For Sass app, there's easy GUI like prepros or codekit. You dont need nodeJS or any fancy server stuff to customize bootstrap.
My opinion:
when you decide to ditch bootstrap by using other smaller framework or even write your own, thats good.
However consider with the project growing, you'll most likely write a lot of utilities or helpers that eventually makes your codebases mimics what bootstrap trying to solve (perhaps not as elegant).
Why not just use things that kinda standarized and well documented?
For learning, you can always see the source code and see how things work. even make your mini framework based of it.
Bootstrap is opinionated but still flexible enough for most of styling need. It just battle tested.
My biggest complaint of Bootstrap is its specificity battle. I am really good with CSS specificity but Bootstrap has tons of Gotchas waiting to stress a developer. Aside from Foundation I have not worked with a framework like either of these for this very reason.
I’ll be honest I am surprised when I see completed templates from developers who used Bootstrap. I can’t imagine the patience required. My fuse blows very fast after a few errors. 😂
I do have a remark about point 1: Bootstrap doesn't necessarily weigh 500KB - using their SASS system you can easily include only what you need, and get that 500KB (I wonder if it's really that much at all?) down to between 100 and 200KB.
By the way: Bootstrap 4 is smaller and more lightweight (and better designed, it uses CSS Flex) than Bootstrap 3. And yes for some components jQuery is needed but if you really don't want jQuery then there are replacements (there are also React and Vue versions of Bootstrap that don't use jQuery).
Regarding styling, I don't find Bootstrap that hard to style (override), maybe it's a difference between Bootstrap 3 and 4 ?
Codedgar for me the problem of write your own css from Scratch is when you work on project with a big team. Bootstrap solves this problem because anyone in the team will write equal code. And if during the project enter a new one this person isn't will have problens to understand de code and start on the project. With css from scratch this person will need time to understand and this take time. For projects that you work alone it's okay but for large global teams with different work time this could be terrible. Thats the reason of I still prefer work with frameworks like Bootstrap.

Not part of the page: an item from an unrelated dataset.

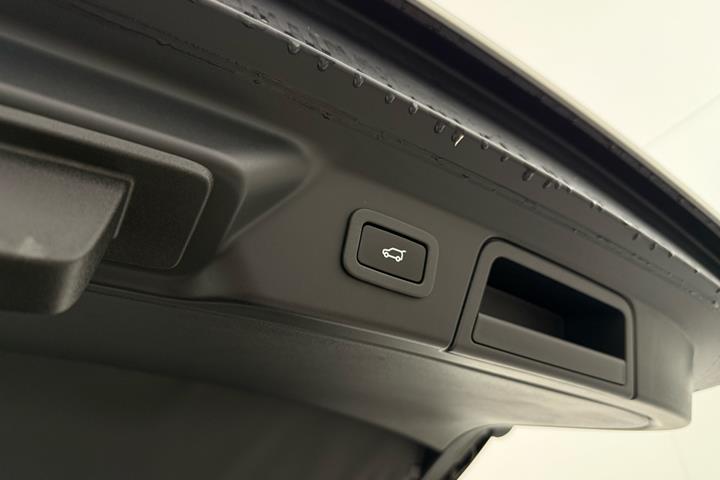 Hvid Land Rover Range Rover Velar fra 2019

Totally agree with your points. I was a very heavy user of bootstrap into a point that I couldn't start a project with anything else. It was easy to use, I was used to the class and it could make a kind of beautiful design without much effort for my non-design skills. However, worrying more and more about page speed, size and not used components - specially my hatred against JS - it made me to rethink if I really should start projects with bootstrap (or even other frameworks). The one you said seems interesting for the size and probably would cover 90% of my needs wich is dealing with grids and responsiveness. For my latest project I tried bulma and fell in love too. It covers pretty much all the components I needed for this project and for the rest 10~20% I just didn't include their sass files (still bothered me that I had unused classes tho). And the best part is: no embedded JS which, for me, is the worst outcome of the end of this decade! It allowed me to have a quite nice design, easy to build, easy to customise and a very very thin layer of javascript just to make some elements clickable and some dynamic content that the project required. I hope for this new decade the frontend community understand the monsters we are creating with tons of (not used) javascript that are being transferred over the wire and slowing down and overall user experience as every webapp and website nowaday come with tons of JS (components, tracking, ads, etc etc)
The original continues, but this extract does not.